## Problem description
Below are the records. How many of their lines contain "Ford"? Give only the number.

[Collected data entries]

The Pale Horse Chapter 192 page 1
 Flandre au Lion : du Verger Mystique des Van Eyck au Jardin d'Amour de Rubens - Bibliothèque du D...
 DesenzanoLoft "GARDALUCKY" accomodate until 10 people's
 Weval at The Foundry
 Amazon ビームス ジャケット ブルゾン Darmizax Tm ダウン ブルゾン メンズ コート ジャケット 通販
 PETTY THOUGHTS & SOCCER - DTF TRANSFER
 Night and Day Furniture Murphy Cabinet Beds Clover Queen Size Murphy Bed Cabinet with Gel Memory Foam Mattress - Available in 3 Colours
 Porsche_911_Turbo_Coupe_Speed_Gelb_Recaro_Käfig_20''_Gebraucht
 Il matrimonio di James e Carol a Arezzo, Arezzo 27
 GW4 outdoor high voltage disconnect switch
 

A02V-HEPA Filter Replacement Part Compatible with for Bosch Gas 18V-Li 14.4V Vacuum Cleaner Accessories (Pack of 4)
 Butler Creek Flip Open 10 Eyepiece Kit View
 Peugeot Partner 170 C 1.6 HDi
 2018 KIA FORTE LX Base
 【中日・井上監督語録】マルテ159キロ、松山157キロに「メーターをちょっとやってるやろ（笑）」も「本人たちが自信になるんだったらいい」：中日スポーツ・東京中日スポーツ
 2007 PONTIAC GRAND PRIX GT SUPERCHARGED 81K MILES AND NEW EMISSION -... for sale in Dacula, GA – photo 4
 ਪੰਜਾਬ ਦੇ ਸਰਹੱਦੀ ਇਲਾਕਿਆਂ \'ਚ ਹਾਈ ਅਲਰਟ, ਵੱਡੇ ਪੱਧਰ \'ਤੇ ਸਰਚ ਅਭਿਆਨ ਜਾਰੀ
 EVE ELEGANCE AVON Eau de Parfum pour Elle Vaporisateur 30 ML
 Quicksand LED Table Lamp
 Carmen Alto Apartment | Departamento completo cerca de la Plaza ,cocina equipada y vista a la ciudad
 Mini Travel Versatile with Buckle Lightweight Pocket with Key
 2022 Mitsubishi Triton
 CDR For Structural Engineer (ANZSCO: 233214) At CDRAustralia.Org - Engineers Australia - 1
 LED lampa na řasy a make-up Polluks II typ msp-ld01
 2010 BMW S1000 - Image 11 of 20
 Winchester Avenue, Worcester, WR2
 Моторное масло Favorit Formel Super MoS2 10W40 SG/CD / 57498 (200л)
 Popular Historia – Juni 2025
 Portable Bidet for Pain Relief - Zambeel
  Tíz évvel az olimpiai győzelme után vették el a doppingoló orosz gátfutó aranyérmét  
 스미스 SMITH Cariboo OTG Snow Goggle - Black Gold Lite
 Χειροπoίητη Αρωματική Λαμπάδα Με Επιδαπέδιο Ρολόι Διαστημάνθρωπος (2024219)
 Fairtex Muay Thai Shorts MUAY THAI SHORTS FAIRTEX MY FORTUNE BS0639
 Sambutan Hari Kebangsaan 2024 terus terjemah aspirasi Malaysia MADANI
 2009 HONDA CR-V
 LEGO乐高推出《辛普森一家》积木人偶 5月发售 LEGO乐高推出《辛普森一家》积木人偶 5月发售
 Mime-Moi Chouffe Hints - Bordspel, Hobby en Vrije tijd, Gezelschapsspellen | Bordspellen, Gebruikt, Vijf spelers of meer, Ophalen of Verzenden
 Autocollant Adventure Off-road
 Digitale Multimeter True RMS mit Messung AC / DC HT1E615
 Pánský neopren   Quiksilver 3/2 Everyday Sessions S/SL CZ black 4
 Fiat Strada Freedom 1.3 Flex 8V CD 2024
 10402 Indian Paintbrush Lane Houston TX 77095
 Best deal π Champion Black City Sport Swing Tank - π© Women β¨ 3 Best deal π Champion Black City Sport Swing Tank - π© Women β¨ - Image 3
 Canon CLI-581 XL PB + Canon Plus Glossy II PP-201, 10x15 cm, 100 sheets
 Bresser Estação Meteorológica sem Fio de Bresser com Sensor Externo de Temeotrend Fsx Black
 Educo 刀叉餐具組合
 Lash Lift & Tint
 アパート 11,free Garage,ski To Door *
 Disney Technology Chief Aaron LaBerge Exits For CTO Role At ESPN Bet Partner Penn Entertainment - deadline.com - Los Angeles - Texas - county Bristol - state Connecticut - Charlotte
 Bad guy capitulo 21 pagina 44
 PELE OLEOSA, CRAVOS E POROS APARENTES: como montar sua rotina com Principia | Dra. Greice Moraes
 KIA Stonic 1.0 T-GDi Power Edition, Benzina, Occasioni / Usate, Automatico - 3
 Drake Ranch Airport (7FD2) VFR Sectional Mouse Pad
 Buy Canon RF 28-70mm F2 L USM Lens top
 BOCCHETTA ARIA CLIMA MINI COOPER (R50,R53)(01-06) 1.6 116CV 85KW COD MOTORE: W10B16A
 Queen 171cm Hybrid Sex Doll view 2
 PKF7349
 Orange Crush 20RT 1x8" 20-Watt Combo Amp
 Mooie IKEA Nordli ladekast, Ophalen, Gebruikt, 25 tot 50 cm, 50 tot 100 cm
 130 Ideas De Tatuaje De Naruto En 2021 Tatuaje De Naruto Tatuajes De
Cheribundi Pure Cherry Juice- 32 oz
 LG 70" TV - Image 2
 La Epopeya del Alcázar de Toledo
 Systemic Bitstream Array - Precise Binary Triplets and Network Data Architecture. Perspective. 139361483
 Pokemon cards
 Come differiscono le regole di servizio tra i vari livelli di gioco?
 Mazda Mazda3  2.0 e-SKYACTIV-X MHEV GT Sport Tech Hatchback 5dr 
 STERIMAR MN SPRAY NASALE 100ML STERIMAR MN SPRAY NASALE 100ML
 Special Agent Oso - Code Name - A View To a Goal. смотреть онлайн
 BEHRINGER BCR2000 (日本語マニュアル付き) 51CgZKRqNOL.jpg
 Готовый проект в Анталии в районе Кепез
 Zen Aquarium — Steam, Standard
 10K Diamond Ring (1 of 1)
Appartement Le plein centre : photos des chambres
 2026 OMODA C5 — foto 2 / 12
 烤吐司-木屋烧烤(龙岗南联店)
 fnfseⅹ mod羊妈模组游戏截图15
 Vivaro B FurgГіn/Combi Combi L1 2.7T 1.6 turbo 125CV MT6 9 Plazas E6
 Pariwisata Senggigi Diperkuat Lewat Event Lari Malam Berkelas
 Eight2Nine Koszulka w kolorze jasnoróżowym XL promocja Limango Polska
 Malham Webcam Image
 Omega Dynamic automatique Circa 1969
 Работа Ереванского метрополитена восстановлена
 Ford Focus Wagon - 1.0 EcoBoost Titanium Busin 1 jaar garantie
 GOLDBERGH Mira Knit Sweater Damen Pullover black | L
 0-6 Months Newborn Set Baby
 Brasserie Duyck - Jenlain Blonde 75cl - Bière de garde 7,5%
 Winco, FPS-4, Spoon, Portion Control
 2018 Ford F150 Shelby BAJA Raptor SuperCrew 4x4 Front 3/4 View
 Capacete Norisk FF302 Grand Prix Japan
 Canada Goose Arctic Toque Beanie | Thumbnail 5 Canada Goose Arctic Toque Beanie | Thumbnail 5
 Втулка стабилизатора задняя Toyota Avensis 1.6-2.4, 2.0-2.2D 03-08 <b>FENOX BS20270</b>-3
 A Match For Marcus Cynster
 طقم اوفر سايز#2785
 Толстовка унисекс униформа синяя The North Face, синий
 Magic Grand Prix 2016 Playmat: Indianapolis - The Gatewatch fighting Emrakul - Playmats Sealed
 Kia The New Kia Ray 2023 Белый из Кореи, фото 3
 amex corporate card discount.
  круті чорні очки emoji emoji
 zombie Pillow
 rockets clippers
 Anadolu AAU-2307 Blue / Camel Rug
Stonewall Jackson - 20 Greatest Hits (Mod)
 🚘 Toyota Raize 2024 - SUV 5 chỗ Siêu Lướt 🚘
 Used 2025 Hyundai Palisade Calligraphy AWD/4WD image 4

## Solution below
2